▸ Directions for this task
Below are entries. Reproduce exactly the lines between the line holding "Auxiliares de Enderson" and the line holding "Ryokufukaku Tatami Room Cushions Table", inclusive, and only those.
++++ Extracted entries
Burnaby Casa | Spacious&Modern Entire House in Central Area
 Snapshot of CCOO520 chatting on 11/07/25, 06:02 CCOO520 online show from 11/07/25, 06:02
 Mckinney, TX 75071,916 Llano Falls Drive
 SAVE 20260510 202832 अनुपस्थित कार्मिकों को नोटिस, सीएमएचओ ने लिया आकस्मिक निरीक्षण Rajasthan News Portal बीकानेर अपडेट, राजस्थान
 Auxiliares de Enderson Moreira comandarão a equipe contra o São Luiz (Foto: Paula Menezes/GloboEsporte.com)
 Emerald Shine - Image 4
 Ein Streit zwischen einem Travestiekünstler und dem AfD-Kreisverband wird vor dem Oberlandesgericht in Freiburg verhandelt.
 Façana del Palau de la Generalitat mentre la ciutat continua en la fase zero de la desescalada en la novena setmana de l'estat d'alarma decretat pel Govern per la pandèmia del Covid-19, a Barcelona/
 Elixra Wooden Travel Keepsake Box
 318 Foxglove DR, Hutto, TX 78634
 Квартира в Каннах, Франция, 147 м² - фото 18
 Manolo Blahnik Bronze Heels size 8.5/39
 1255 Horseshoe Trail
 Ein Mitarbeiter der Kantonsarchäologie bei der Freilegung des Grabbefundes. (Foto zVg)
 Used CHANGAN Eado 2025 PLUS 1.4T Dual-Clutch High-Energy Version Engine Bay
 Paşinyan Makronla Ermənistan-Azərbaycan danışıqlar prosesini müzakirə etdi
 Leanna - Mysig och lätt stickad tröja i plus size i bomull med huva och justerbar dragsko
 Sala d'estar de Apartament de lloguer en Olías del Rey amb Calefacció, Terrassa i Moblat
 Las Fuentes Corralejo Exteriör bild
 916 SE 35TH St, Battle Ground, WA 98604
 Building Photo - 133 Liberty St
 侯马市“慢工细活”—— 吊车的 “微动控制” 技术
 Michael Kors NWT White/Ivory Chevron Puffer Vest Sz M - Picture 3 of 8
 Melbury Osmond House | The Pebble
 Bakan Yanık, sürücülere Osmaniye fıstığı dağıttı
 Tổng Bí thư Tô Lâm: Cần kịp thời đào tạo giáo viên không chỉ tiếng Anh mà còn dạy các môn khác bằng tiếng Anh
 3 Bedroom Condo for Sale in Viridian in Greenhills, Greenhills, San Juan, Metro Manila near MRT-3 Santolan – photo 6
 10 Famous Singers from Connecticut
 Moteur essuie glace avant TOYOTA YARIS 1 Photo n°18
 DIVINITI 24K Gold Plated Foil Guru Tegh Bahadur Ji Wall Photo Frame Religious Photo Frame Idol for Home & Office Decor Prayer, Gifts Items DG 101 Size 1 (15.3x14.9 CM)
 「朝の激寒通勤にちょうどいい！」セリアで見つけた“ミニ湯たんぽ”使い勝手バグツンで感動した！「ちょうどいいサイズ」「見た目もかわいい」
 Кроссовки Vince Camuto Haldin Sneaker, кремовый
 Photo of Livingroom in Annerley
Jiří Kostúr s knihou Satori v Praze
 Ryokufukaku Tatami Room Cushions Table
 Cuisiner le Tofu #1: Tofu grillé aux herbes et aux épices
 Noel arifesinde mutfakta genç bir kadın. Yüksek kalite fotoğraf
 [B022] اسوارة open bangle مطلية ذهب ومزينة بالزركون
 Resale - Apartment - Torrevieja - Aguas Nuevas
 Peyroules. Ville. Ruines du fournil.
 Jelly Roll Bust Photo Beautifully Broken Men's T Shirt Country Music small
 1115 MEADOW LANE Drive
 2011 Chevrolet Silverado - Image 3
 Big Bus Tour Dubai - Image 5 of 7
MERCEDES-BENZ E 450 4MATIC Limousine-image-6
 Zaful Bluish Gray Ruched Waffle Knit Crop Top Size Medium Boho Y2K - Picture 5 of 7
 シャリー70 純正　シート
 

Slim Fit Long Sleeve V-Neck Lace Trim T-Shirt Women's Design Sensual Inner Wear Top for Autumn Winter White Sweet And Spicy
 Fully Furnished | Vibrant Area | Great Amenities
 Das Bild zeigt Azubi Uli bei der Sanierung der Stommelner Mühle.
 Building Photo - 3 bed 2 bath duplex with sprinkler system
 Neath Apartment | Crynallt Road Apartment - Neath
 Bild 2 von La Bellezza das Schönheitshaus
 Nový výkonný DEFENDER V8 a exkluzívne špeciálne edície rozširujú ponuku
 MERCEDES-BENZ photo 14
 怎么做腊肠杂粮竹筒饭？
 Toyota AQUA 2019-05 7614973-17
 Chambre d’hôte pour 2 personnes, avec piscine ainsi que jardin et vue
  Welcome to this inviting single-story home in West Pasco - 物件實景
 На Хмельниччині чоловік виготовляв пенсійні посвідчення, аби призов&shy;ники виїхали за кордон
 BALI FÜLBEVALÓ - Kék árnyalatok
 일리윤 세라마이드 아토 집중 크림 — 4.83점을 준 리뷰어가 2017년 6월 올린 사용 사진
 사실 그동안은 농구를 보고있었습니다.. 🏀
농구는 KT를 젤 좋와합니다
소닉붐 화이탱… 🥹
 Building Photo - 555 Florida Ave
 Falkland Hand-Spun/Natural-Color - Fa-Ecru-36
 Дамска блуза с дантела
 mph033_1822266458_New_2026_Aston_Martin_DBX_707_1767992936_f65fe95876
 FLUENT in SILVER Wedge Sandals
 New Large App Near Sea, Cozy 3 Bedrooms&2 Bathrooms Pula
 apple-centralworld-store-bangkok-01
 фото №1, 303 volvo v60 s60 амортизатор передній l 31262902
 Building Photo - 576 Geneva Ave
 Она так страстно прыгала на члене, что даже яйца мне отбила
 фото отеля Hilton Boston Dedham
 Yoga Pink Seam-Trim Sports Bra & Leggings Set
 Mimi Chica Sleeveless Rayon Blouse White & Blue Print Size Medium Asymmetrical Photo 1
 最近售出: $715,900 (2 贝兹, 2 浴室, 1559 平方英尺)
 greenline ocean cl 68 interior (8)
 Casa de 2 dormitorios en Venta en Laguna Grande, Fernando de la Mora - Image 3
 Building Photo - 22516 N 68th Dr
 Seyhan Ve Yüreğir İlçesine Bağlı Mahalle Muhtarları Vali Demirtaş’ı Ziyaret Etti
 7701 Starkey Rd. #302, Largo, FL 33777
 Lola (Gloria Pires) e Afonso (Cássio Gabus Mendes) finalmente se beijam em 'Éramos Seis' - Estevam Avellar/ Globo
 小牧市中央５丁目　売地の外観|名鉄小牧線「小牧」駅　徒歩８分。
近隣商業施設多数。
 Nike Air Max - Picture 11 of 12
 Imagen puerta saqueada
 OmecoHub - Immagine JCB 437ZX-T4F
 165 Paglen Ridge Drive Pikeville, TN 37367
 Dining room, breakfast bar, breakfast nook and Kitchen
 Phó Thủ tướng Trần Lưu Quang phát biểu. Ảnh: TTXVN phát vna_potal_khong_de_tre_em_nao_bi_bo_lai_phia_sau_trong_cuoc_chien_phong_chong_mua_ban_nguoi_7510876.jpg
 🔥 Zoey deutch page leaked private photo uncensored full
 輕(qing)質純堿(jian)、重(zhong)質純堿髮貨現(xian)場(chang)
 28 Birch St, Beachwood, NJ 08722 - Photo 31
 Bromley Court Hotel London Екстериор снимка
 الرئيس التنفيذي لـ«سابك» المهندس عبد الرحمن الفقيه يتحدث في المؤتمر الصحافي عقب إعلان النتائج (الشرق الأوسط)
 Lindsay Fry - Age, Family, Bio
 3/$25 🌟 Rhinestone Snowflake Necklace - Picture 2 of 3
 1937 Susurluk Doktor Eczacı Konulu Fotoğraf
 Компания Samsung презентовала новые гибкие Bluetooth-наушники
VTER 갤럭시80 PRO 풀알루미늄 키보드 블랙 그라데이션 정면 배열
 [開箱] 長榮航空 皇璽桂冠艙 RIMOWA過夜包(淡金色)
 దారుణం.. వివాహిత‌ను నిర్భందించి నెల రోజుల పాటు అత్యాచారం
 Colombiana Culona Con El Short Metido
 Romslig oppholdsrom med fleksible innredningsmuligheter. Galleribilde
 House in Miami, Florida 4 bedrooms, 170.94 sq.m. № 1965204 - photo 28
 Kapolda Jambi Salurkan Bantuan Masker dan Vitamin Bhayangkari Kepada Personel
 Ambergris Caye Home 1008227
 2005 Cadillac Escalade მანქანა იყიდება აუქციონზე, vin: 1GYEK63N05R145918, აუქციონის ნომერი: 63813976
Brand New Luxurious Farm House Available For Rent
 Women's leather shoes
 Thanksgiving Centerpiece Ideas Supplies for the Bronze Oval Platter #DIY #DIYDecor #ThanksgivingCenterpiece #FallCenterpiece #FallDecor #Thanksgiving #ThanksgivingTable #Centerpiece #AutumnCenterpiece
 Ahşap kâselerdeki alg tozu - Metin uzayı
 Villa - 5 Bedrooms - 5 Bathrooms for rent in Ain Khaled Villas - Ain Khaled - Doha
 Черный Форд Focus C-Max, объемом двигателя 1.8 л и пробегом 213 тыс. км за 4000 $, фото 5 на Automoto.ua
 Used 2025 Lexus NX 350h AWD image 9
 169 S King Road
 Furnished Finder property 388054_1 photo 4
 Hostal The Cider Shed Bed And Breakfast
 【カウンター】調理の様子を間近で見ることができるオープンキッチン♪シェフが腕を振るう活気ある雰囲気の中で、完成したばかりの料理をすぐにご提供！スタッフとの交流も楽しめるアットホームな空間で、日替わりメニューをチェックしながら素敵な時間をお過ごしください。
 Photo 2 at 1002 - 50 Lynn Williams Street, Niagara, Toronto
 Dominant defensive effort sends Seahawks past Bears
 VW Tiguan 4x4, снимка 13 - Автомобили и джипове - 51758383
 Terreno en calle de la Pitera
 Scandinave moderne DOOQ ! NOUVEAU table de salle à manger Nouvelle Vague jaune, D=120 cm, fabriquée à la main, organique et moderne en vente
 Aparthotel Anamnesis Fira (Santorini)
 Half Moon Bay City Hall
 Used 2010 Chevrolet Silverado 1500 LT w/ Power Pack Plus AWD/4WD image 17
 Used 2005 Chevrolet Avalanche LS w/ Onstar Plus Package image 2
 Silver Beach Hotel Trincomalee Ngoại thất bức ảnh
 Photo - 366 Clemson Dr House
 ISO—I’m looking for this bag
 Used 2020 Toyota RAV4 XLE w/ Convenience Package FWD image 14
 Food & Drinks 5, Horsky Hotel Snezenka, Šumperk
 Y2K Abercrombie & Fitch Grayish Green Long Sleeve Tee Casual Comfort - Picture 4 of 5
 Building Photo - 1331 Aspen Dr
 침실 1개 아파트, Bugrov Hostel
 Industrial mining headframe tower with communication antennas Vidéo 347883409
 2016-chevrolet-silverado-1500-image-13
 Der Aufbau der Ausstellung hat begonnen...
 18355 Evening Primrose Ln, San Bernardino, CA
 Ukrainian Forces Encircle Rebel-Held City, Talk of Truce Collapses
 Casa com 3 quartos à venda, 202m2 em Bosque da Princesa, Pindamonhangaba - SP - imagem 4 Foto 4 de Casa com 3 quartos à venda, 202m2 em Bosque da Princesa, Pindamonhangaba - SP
++++++++
▸ Result
 Auxiliares de Enderson Moreira comandarão a equipe contra o São Luiz (Foto: Paula Menezes/GloboEsporte.com)
 Emerald Shine - Image 4
 Ein Streit zwischen einem Travestiekünstler und dem AfD-Kreisverband wird vor dem Oberlandesgericht in Freiburg verhandelt.
 Façana del Palau de la Generalitat mentre la ciutat continua en la fase zero de la desescalada en la novena setmana de l'estat d'alarma decretat pel Govern per la pandèmia del Covid-19, a Barcelona/
 Elixra Wooden Travel Keepsake Box
 318 Foxglove DR, Hutto, TX 78634
 Квартира в Каннах, Франция, 147 м² - фото 18
 Manolo Blahnik Bronze Heels size 8.5/39
 1255 Horseshoe Trail
 Ein Mitarbeiter der Kantonsarchäologie bei der Freilegung des Grabbefundes. (Foto zVg)
 Used CHANGAN Eado 2025 PLUS 1.4T Dual-Clutch High-Energy Version Engine Bay
 Paşinyan Makronla Ermənistan-Azərbaycan danışıqlar prosesini müzakirə etdi
 Leanna - Mysig och lätt stickad tröja i plus size i bomull med huva och justerbar dragsko
 Sala d'estar de Apartament de lloguer en Olías del Rey amb Calefacció, Terrassa i Moblat
 Las Fuentes Corralejo Exteriör bild
 916 SE 35TH St, Battle Ground, WA 98604
 Building Photo - 133 Liberty St
 侯马市“慢工细活”—— 吊车的 “微动控制” 技术
 Michael Kors NWT White/Ivory Chevron Puffer Vest Sz M - Picture 3 of 8
 Melbury Osmond House | The Pebble
 Bakan Yanık, sürücülere Osmaniye fıstığı dağıttı
 Tổng Bí thư Tô Lâm: Cần kịp thời đào tạo giáo viên không chỉ tiếng Anh mà còn dạy các môn khác bằng tiếng Anh
 3 Bedroom Condo for Sale in Viridian in Greenhills, Greenhills, San Juan, Metro Manila near MRT-3 Santolan – photo 6
 10 Famous Singers from Connecticut
 Moteur essuie glace avant TOYOTA YARIS 1 Photo n°18
 DIVINITI 24K Gold Plated Foil Guru Tegh Bahadur Ji Wall Photo Frame Religious Photo Frame Idol for Home & Office Decor Prayer, Gifts Items DG 101 Size 1 (15.3x14.9 CM)
 「朝の激寒通勤にちょうどいい！」セリアで見つけた“ミニ湯たんぽ”使い勝手バグツンで感動した！「ちょうどいいサイズ」「見た目もかわいい」
 Кроссовки Vince Camuto Haldin Sneaker, кремовый
 Photo of Livingroom in Annerley
Jiří Kostúr s knihou Satori v Praze
 Ryokufukaku Tatami Room Cushions Table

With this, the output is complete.